- Theatrical release poster
- Directed by: Ewing Scott
- Screenplay by: Daniel Jarrett Ewing Scott
- Produced by: George A. Hirliman
- Starring: George O'Brien Cecilia Parker Maude Eburne Joe Caits Frank Milan
- Cinematography: Frank B. Good
- Edited by: Robert O. Crandall
- Music by: Abe Meyer
- Production company: George A. Hirliman Productions
- Distributed by: RKO Pictures
- Release date: May 28, 1937;
- Running time: 64 minutes
- Country: United States
- Language: English

= Hollywood Cowboy =

1937 film by Ewing Scott

Hollywood Cowboy is a 1937 American adventure film directed by Ewing Scott and written by Daniel Jarrett and Ewing Scott. The film stars George O'Brien, Cecilia Parker, Maude Eburne, Joe Caits and Frank Milan.

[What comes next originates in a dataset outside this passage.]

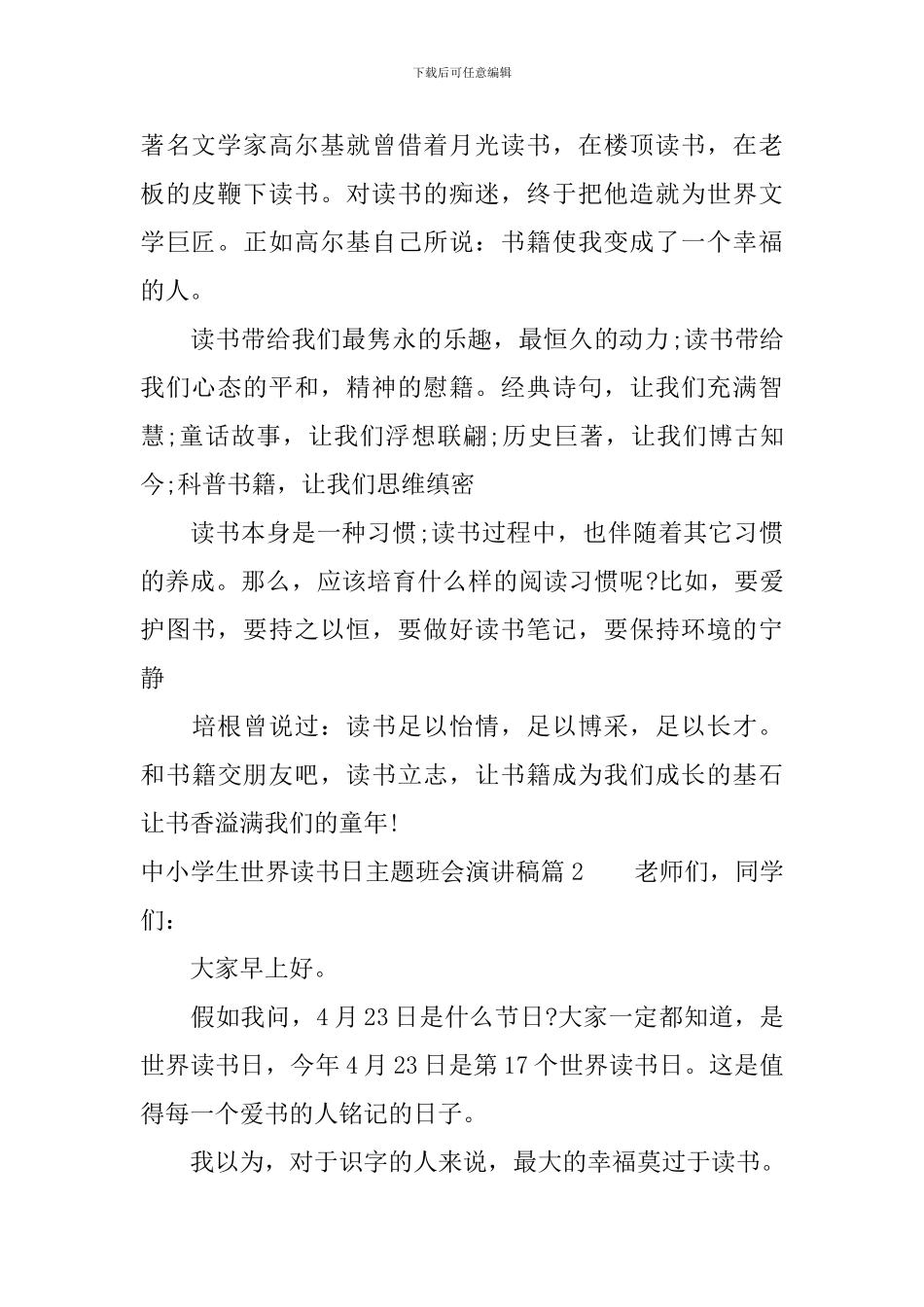 中小学生世界读书日主题班会演讲稿_第2页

The film was released on May 28, 1937, by RKO Pictures.

The film was rereleased in 1947 by Motion Picture Ventures as Wings Over Wyoming.

==Plot==
Hollywood Western star Jeffery Carson and his sidekick Shakespeare have just recently completed outdoor shooting on a film and decide to remain in the area to do some recreational hunting. In the meantime a crime syndicate led by Doc Kramer has come up with a new scheme to make money. With a range war going on, the criminals ramp up conflict between the two sides, including murder. They form a bogus cattleman association that is actually a protection racket where ranchers will a pay a penny a pound on their cattle.

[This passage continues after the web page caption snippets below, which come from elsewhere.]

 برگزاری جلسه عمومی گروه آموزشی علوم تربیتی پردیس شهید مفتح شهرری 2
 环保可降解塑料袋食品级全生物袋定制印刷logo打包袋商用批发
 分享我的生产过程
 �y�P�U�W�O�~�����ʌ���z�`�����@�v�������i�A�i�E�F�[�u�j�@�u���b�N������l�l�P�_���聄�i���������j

Carson and Shakespeare save the life of ranch owner Joyce Butler when gangsters rip her fence down and threaten her. Keeping their identities secret, Carson and Shakespeare sign on as ranch hands for Joyce and her mother Violet Butler. When Violet spurns Kramer's protection offer, the gangsters bomb the Butler's herd from an airplane.

== Cast ==
- George O'Brien as Jeffery Carson
- Cecilia Parker as Joyce Butler
- Maude Eburne as Violet Butler
- Joe Caits as G. Gatsby (Shakespeare) Holmes
- Frank Milan as Westbrook Courtney
- Charles Middleton as "Doc" Kramer
- Lee Shumway as Benson
- Walter De Palma as Rolfe Metzger
- Al Hill as Henchman Camby
- William Royle as Klinker
- Al Herman as Henchman Steger
- Frank Hagney as Gillie
- Dan Wolheim as Morey
- Slim Balch as Ranch hand Slim
- Sid Jordan as Ranch hand Morgan
- Lester Dorr as Joe Garvey
- Harold Daniels as Hotel Clerk

==Critical reception==
Motion Picture Herald wrote, "Although basically the same as other western pictures, this feature manages to swerve from the path of routine by introducing metropolitan racketeering methods to the wide open spaces and then adding another touch of modernism through the use of airplanes for the climactic battle." It noted that the predominantly male preview audience "appeared to follow the plot with keen interest and took the comedy element with loud laughter."